TASK BRIEF -
When you transcribe the listing that follows, keep every line exact and omit the pictures.

━━ RECORDED DATA

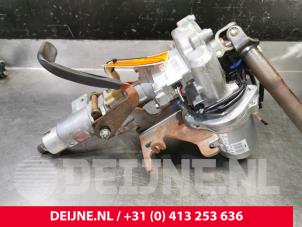 Renault Kangoo Steering column housing complete O174585 photo 3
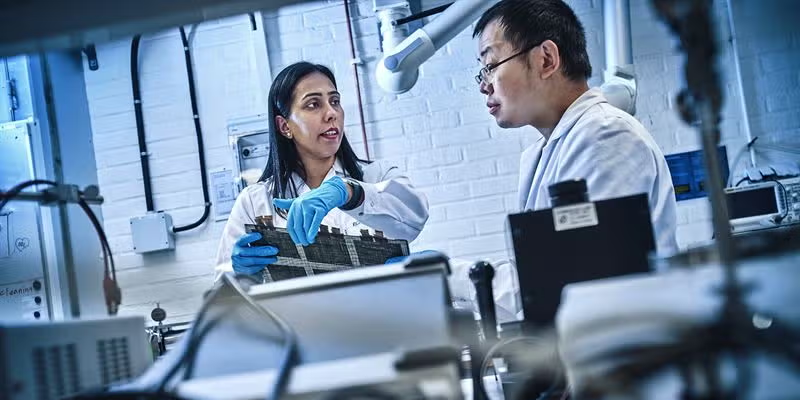 Veículos autónomos vão ficar mais leves com a nova configuração de design das baterias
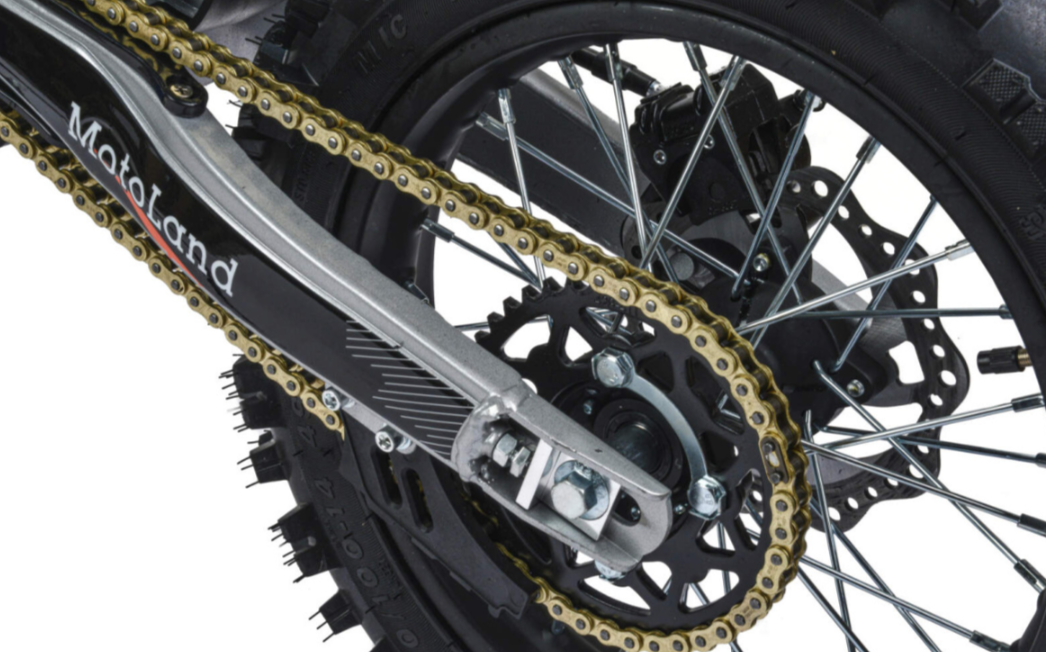 Питбайк MOTOLAND (МОТОЛЕНД) 125 SX 125 E 17/14 в Йошкар-Оле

━━━━

SOLUTION FOR THIS PROBLEM -
 Renault Kangoo Steering column housing complete O174585 photo 3
 Veículos autónomos vão ficar mais leves com a nova configuração de design das baterias
 Питбайк MOTOLAND (МОТОЛЕНД) 125 SX 125 E 17/14 в Йошкар-Оле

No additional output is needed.